Good news first: a 625Wh Giant EnergyPak Smart
should be fully cross-compatible with your 2020 Trance E+ / Stance E+ / whichever E+0 you're on. Giant's official line is that the 500/625/750/800Wh EnergyPak Smart batteries are interchangeable across the 2019–2025 platform, so the bike itself isn't the problem. Something about
this specific battery is.
A red light + cut-out after a few minutes of riding, that clears when you swap back to the known-good 500Wh, points to one of three things in order of likelihood:
1. Dirty or pitted contacts on the secondhand pack
The 625Wh has been somewhere before it got to you. Vibration on the trail momentarily breaks the connection, the BMS throws a fault, power drops. Pull the battery, inspect the terminals on both pack and bike harness for corrosion, green crust or arcing marks. Clean with isopropyl and a soft brush — no abrasives on the gold pins.

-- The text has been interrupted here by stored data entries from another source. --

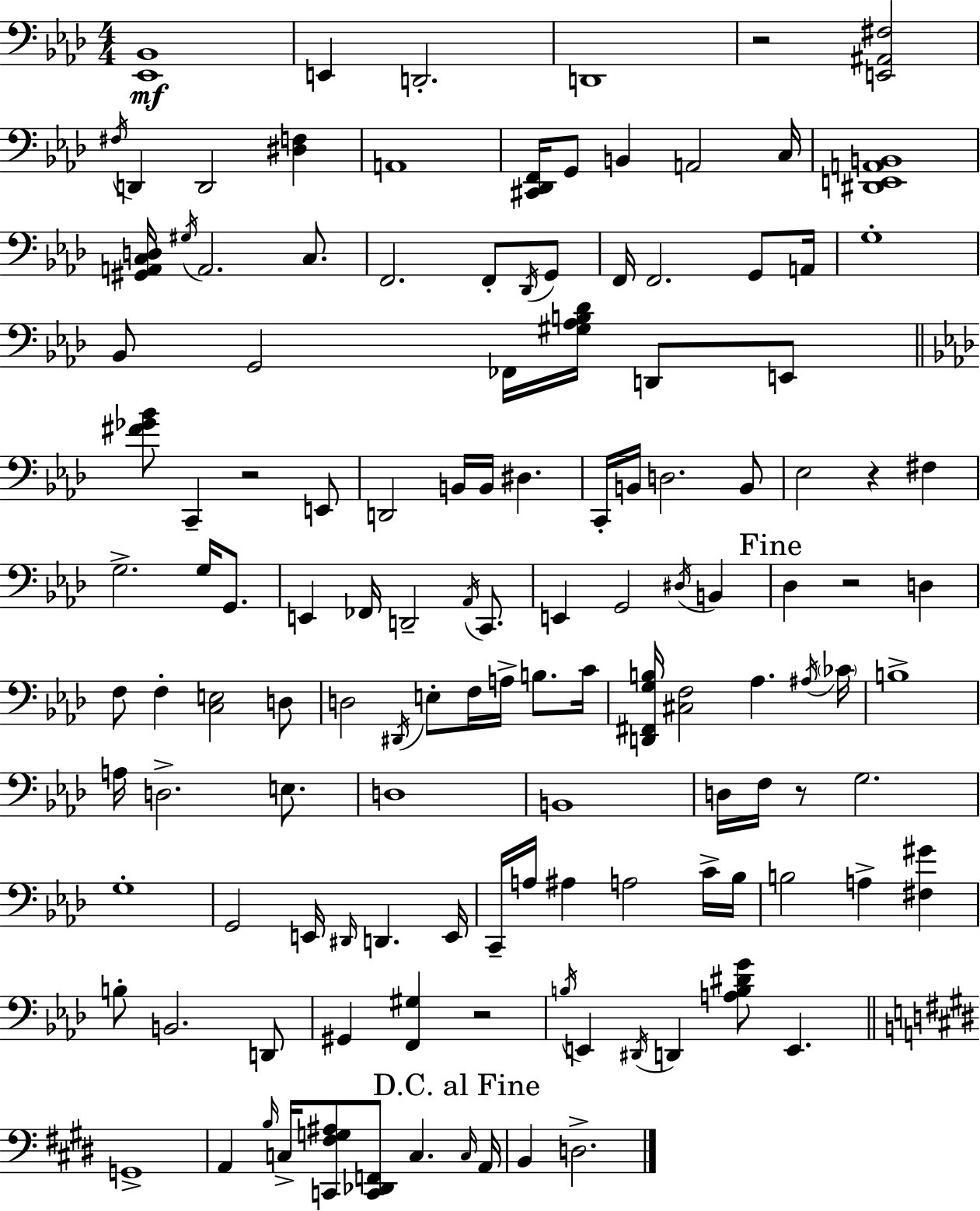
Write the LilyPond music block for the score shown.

{
  \clef bass
  \numericTimeSignature
  \time 4/4
  \key f \minor
  <ees, bes,>1\mf | e,4 d,2.-. | d,1 | r2 <e, ais, fis>2 | \break \acciaccatura { fis16 } d,4 d,2 <dis f>4 | a,1 | <cis, des, f,>16 g,8 b,4 a,2 | c16 <dis, e, a, b,>1 | \break <gis, a, c d>16 \acciaccatura { gis16 } a,2. c8. | f,2. f,8-. | \acciaccatura { des,16 } g,8 f,16 f,2. | g,8 a,16 g1-. | \break bes,8 g,2 fes,16 <gis aes b des'>16 d,8 | e,8 \bar "||" \break \key aes \major <fis' ges' bes'>8 c,4-- r2 e,8 | d,2 b,16 b,16 dis4. | c,16-. b,16 d2. b,8 | ees2 r4 fis4 | \break g2.-> g16 g,8. | e,4 fes,16 d,2-- \acciaccatura { aes,16 } c,8. | e,4 g,2 \acciaccatura { dis16 } b,4 | \mark "Fine" des4 r2 d4 | \break f8 f4-. <c e>2 | d8 d2 \acciaccatura { dis,16 } e8-. f16 a16-> b8. | c'16 <d, fis, g b>16 <cis f>2 aes4. | \acciaccatura { ais16 } \parenthesize ces'16 b1-> | \break a16 d2.-> | e8. d1 | b,1 | d16 f16 r8 g2. | \break g1-. | g,2 e,16 \grace { dis,16 } d,4. | e,16 c,16-- a16 ais4 a2 | c'16-> bes16 b2 a4-> | \break <fis gis'>4 b8-. b,2. | d,8 gis,4 <f, gis>4 r2 | \acciaccatura { b16 } e,4 \acciaccatura { dis,16 } d,4 <a b dis' g'>8 | e,4. \bar "||" \break \key e \major g,1-> | a,4 \grace { b16 } c16-> <c, fis g ais>8 <c, des, f,>8 c4. | \mark "D.C. al Fine" \grace { c16 } a,16 b,4 d2.-> | \bar "|."
}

2. A tired/faulty cell or BMS in the used pack
Under load (climbing, Boost mode) a weak cell sags below the BMS cut-off threshold, trips a fault, recovers at rest. Classic secondhand-battery symptom. Test: ride it gently in Eco on the flat — if it holds, but faults the moment you put real current through it, it's the pack, not the bike.

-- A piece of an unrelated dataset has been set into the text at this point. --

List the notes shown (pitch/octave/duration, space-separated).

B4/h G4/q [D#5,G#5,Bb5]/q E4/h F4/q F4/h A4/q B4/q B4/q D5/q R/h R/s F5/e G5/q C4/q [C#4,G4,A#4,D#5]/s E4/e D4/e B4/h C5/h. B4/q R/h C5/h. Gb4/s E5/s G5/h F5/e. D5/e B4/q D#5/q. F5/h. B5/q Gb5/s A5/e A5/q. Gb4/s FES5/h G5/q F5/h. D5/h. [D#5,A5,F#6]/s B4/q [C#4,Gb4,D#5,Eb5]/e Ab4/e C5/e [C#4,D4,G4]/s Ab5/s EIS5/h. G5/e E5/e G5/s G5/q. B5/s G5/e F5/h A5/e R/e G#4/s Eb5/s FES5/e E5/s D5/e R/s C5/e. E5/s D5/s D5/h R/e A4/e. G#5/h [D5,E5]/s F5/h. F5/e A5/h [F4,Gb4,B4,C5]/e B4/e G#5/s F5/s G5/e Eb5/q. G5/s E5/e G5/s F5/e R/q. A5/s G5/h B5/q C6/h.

@Stihldog has flagged the same intermittent-under-vibration pattern from bad connections too, so don't skip step 1 first.
3. Firmware / generation mismatch
Less likely on a 2020 frame, but worth checking. Get it on the Giant RideControl app (Bluetooth), read the battery's serial/firmware and any stored error codes. If the app reports a specific fault code, that'll tell you definitively whether it's BMS, cell imbalance or comms.

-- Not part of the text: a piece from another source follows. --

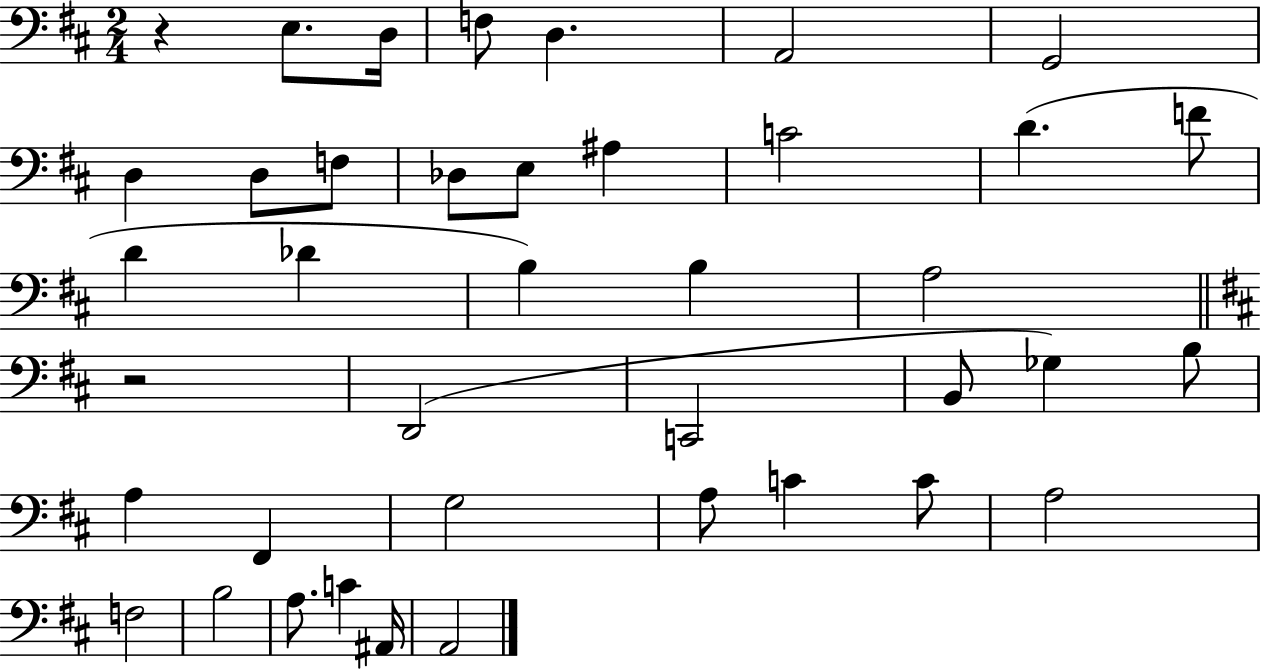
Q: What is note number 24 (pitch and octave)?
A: Gb3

Practical next step: charge the 625Wh fully, leave it overnight, check it still reads full in the morning. A pack that self-discharges noticeably overnight has a cell-balance issue and is the problem. If it holds charge fine, clean the contacts and try again.
One thing worth saying plainly: a secondhand eMTB battery with an unknown history is the single riskiest used component you can buy. If the seller's still reachable, the red-light fault is grounds for a refund.
What error code (if any) does the RideControl app show, and do you know the pack's age/cycle count?